Given information
# # # # # # #

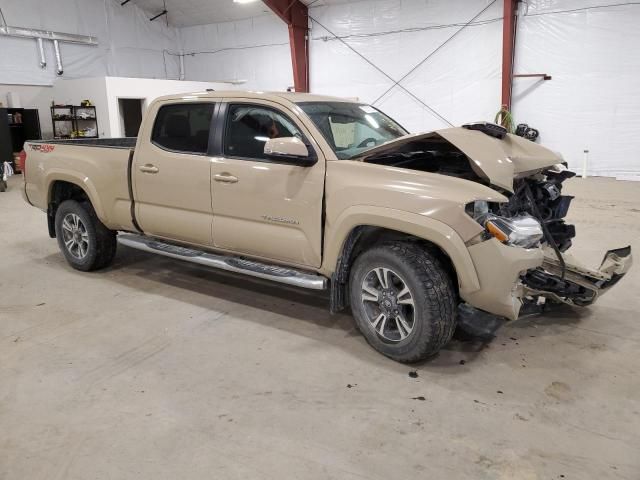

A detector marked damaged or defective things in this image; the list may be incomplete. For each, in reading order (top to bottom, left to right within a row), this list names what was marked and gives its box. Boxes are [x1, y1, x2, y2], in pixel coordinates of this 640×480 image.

crumpled hood [358, 126, 564, 192]
damaged pickup truck [22, 91, 632, 360]
broken front bumper [524, 246, 632, 306]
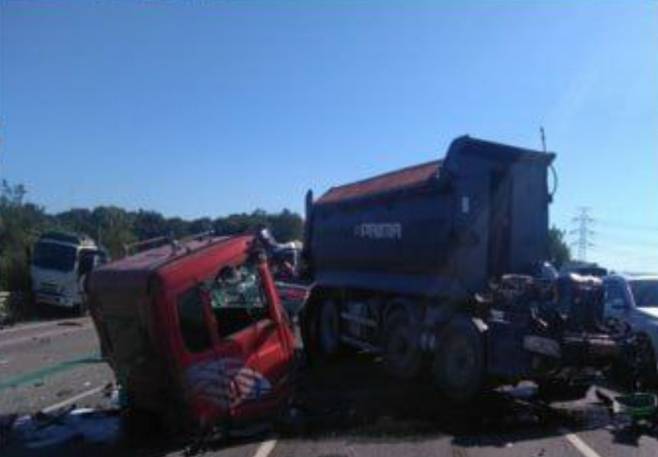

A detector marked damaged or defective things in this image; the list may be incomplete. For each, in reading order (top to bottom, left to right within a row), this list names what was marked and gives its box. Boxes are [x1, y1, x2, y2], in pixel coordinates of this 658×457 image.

crushed truck cab [86, 235, 294, 432]
damaged vehicle [86, 235, 294, 432]
overturned truck cab [87, 235, 294, 432]
damaged vehicle [300, 136, 632, 402]
overturned truck cab [302, 134, 632, 400]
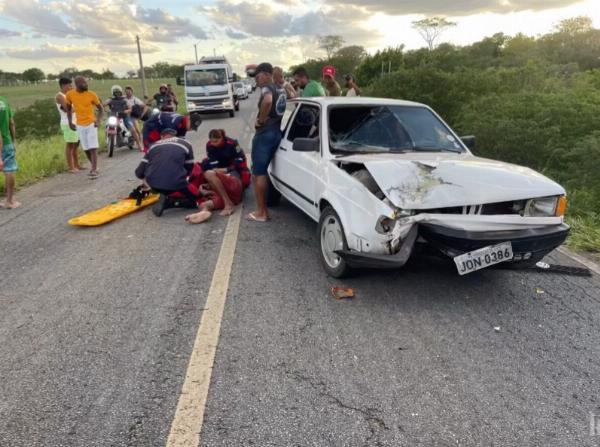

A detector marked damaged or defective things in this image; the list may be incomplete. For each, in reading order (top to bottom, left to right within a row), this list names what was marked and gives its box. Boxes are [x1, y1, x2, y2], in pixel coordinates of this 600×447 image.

crack in asphalt [290, 372, 392, 447]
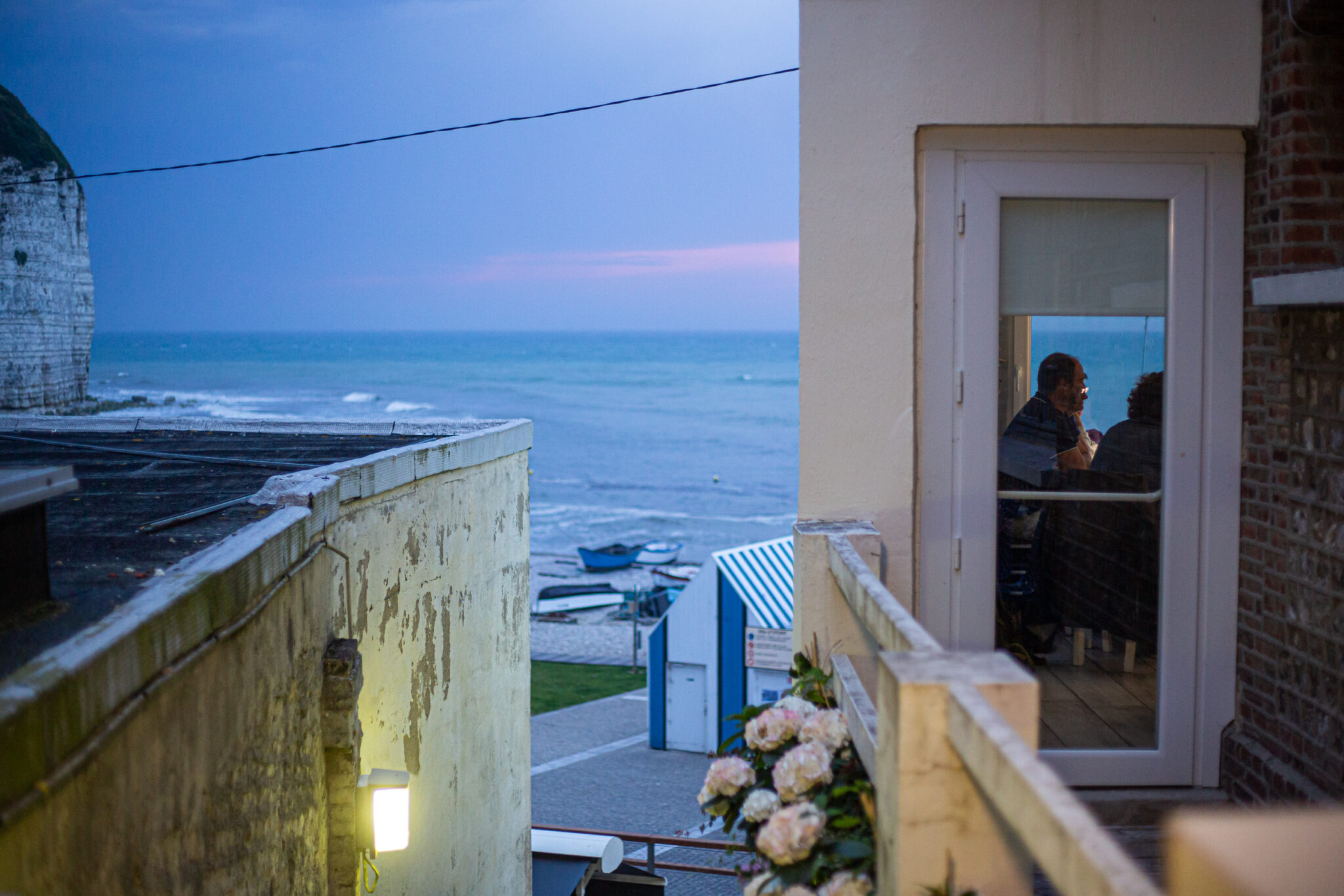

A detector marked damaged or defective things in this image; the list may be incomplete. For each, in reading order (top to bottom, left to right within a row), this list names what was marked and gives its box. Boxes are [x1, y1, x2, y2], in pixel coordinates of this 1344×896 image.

peeling paint wall [0, 556, 335, 892]
peeling paint wall [333, 451, 533, 896]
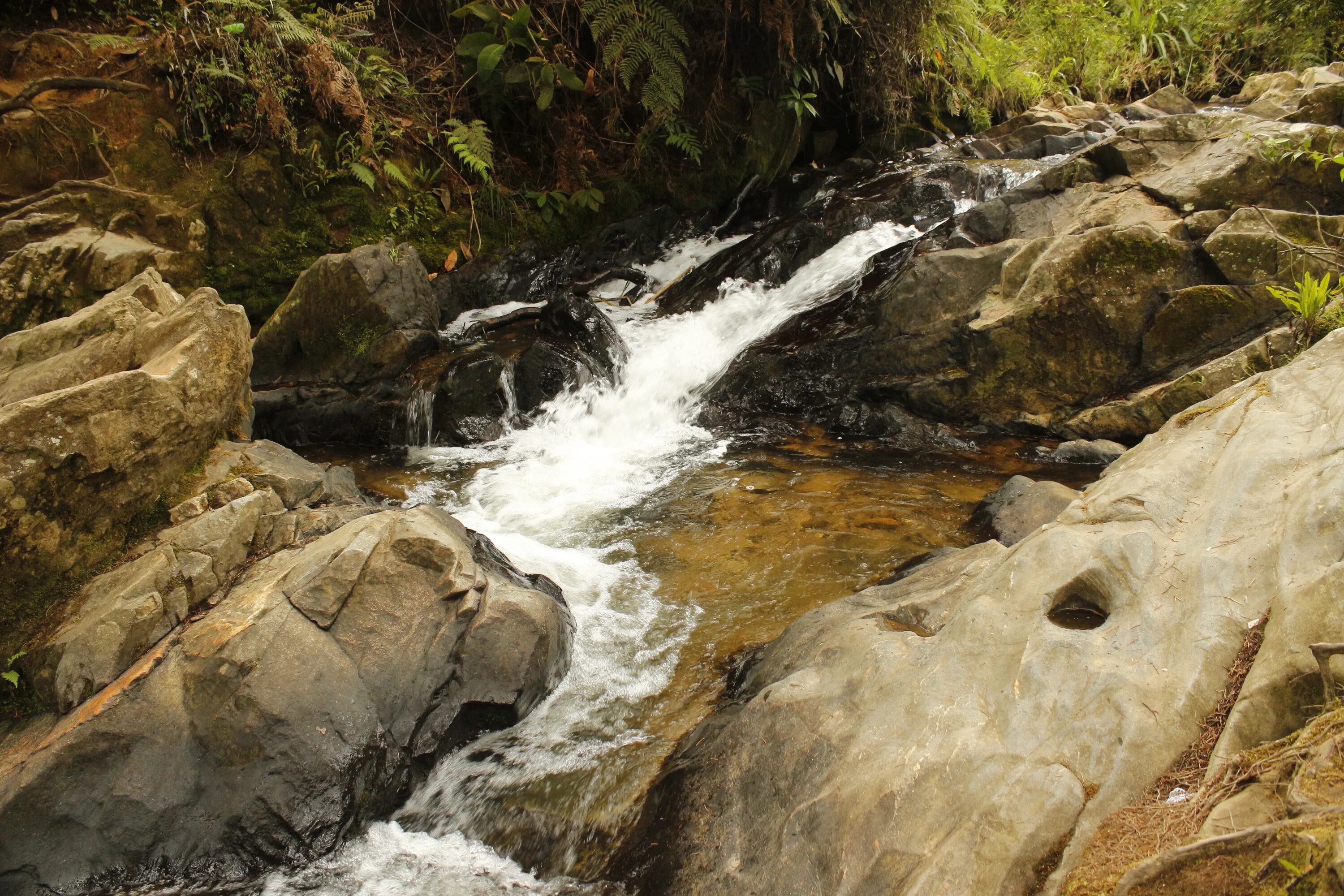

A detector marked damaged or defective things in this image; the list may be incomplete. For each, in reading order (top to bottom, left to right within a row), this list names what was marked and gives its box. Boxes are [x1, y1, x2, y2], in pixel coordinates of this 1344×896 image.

circular pothole [1047, 595, 1111, 631]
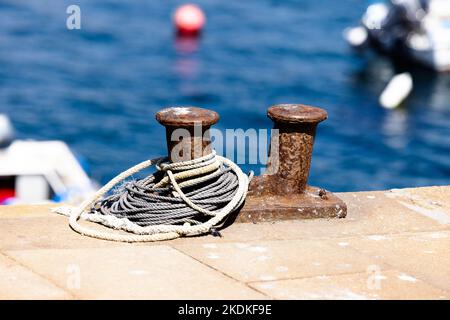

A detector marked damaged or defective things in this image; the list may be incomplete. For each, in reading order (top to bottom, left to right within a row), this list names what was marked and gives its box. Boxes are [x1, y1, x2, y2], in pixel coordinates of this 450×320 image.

rusty mooring bollard [156, 107, 220, 162]
rusty bollard [156, 107, 220, 162]
rusty bollard [239, 104, 348, 221]
rusty mooring bollard [239, 104, 348, 221]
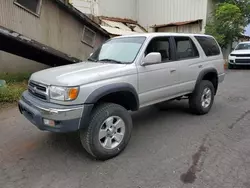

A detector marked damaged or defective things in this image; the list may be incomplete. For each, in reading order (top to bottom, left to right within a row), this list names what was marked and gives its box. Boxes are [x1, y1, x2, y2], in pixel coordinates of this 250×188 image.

rusty metal panel [0, 0, 106, 60]
cracked asphalt [0, 70, 250, 188]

# # # # # # #

What to work on
Print every line of the material exactly as written, but drop the pictures.

Response box
A detector marked damaged or defective things in this image; the list may be incomplete. For each, in reading order (top to bottom, left to right within a row), this list names what was marked and gives its box. Boxes are [x1, y1, x2, y2], in pixel coordinates of this 640×480 image.

crumpled hood [358, 126, 564, 192]
damaged pickup truck [22, 91, 632, 360]
broken front bumper [524, 246, 632, 306]

A detector marked damaged or defective things in this image; the list may be incomplete. For each, in reading order (top to bottom, left to right within a row), this list names what was marked and gives its box. Boxes are [x1, y1, x2, y2], in pixel coordinates of this 658×457 image.

crushed truck cab [86, 235, 294, 432]
damaged vehicle [86, 235, 294, 432]
overturned truck cab [87, 235, 294, 432]
damaged vehicle [300, 136, 632, 402]
overturned truck cab [302, 134, 632, 400]

A detector marked damaged or defective things in this image; the list may be incomplete. For each, in reading order (top to bottom, left to right within a row), this list names what was marked and gives its box. Boxes are [x1, y1, x2, y2], in pixel coordinates of this 600×447 image.

crack in asphalt [290, 372, 392, 447]

A detector marked damaged or defective things in this image; the list may be incomplete. For each, in reading order (top to bottom, left to right within a row), this list names what was marked and gives its box. Boxes are [x1, y1, x2, y2], in pixel coordinates of this 1344×896 image.

peeling paint wall [0, 556, 335, 892]
peeling paint wall [333, 451, 533, 896]

A detector marked damaged or defective things in this image; the list may be incomplete. For each, in reading order (top to bottom, left to right within a row), this list names what was marked and gives its box. Boxes are [x1, y1, x2, y2], in pixel coordinates of this 1344×896 image.

circular pothole [1047, 595, 1111, 631]

A detector marked damaged or defective things in this image; the list may be incomplete. For each, in reading order (top to bottom, left to right within a row), this list names what was marked and gives its box. Boxes are [x1, y1, x2, y2], in pixel coordinates of this 450×320 image.

rusty mooring bollard [156, 107, 220, 162]
rusty bollard [156, 107, 220, 162]
rusty bollard [239, 104, 348, 221]
rusty mooring bollard [239, 104, 348, 221]

A detector marked damaged or defective things in this image; the list may be incomplete. For each, in reading order (top to bottom, left to right within a row), this list names what was marked and gives its box. Boxes are [x1, y1, x2, y2], in pixel coordinates of this 250×188 image.

rusty metal panel [0, 0, 106, 60]
cracked asphalt [0, 70, 250, 188]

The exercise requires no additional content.